What Happens During an Automobile Collision?

While it may not seem immediately obvious, during a collision it is not only the vehicle that is moving, and suddenly being stopped; the same is true for everything in the vehicle. The point of seat belts is to try to assure that, rather than continuing to move and thus being catapulted away from the vehicle, the passengers remain inside, and seated in the safest positions within it. It is for this reason that shoulder straps are also very important as they help to reduce the amount of force pulling the passenger to restrain them in the vehicle.

How Do I Know If My Son or Daughter Is Ready for Built-In Seat Belts?
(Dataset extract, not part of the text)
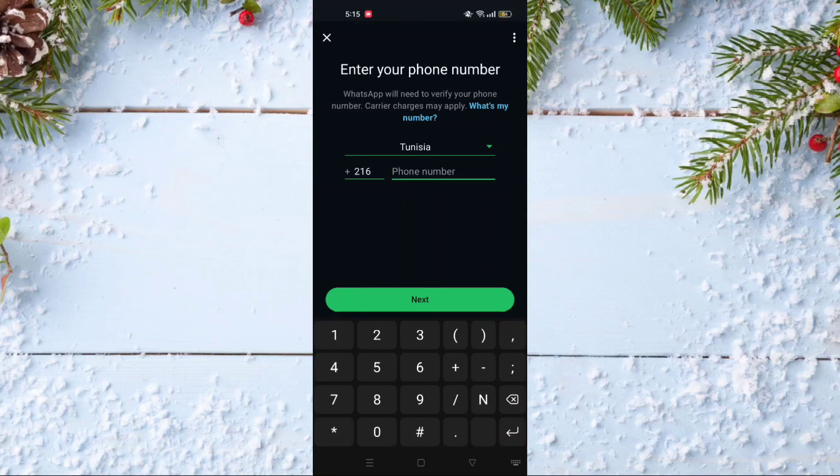By putting this code, you will directly create your WhatsApp account. You have to put your name and your picture also.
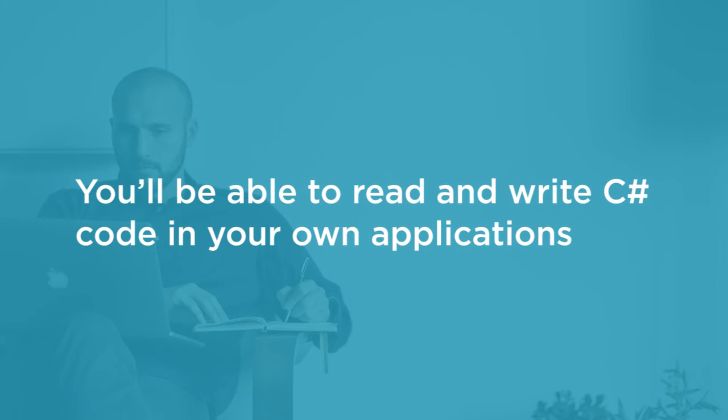By the end of the course you'll feel comfortable reading and writing C# code in your own applications. I do expect that you have some programming experience before you start this course.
The two main indicators for determining when it is time to use built in seat belts rather than booster seats are age, and size. Usually once a child is between 12-14 years old, or more than four feet, nine inches, it’s appropriate to begin using built in seat belts. This can sometimes be a challenge, as not every child wants to wear seat belts, and may feel it’s an unnecessary burden. Children who are already used to booster seats will have an easier time transitioning to seat belts. Once children transition to seat belts it is important to make sure they wear seat belts properly and do not try to move the shoulder strap out of the way; this can not only defeat the purpose of the shoulder strap but it can also cause harm in a collision

Motivating Children to Wear Seat Belts

Many adults do not bother to wear a seat belt when in the back seat of a car, even while they should. Most safety belt laws do not require adults to wear seat belts in the back seat. Children, especially adolescents, will easily adopt these habits. For this reason, and for maximum safety, it’s best to set a good example by always wearing a safety belt regardless of where an adult is seated in a car, and requiring other adult passengers to do the same when driving. In some cases this is a legal requirement, but it all cases it’s conducive of maximum safety, and a great way to motivate children to do the same.
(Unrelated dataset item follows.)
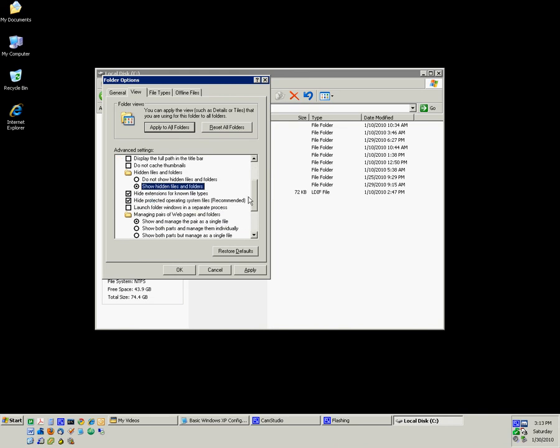Some folder file extensions, like .doc for a Word document, is going to be hidden. If you uncheck that, you'll see the .doc or if it's 2007, .docx.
Why Should Children Ride in the Back Seat?

There are several common vulnerabilities to automobiles. The sides of a car are certainly the most vulnerable, and there is little way, aside from side airbags, to prevent the devastating damage a side impact can cause. That said most vehicle collisions are from the front or rear. Front seat drivers may be protected by airbags, however it is very common that front side collisions result in broken glass, and potentially parts of the engine compartment breaching into the vehicle. For this reason back seat passengers are better protected, being further from these vulnerabilities.
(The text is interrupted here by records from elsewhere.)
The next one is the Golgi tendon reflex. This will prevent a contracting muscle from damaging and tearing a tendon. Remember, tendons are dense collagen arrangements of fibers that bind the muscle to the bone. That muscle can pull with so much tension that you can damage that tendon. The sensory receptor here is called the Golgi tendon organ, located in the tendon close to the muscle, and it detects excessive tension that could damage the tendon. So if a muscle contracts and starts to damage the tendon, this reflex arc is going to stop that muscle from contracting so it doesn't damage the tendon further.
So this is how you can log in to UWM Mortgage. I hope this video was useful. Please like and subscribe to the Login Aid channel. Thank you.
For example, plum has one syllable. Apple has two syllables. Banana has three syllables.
Other Ways to Keep Young Adults Safe When Riding in Cars

In addition to seat belts, there are other ways to keep children and young adults safe during a collision. Many regions promote, or require, airbags. Often these only apply to the driver, or perhaps the front seat passenger. Side airbags are an excellent add-on option in many vehicles, and in addition to reducing insurance costs, these can be extremely useful during side collisions. That said sensible things like sitting upright, and not leaning forward to play with the radio while a vehicle is moving also help maximize safety; seatbelts are designed for upright passengers, and their protection can be diminished by moving them, or sitting in awkward positions for which they were not designed.

Safety for Teen Drivers

Teen drivers certainly need to buckle up but that is only where teen driving safety begins. Parents should not be afraid to discuss safety with teens. It is very easy for teens to assume that because they have a license to drive that they know everything about driving, or driving safely, and that is far from the case. By always wearing a seatbelt themselves parents can instill this positive habit, but they should not be afraid to insist their children follow it when driving themselves. Parents should also insist that if a teen rides with another teen driver that the driver have at least a year or more experience driving.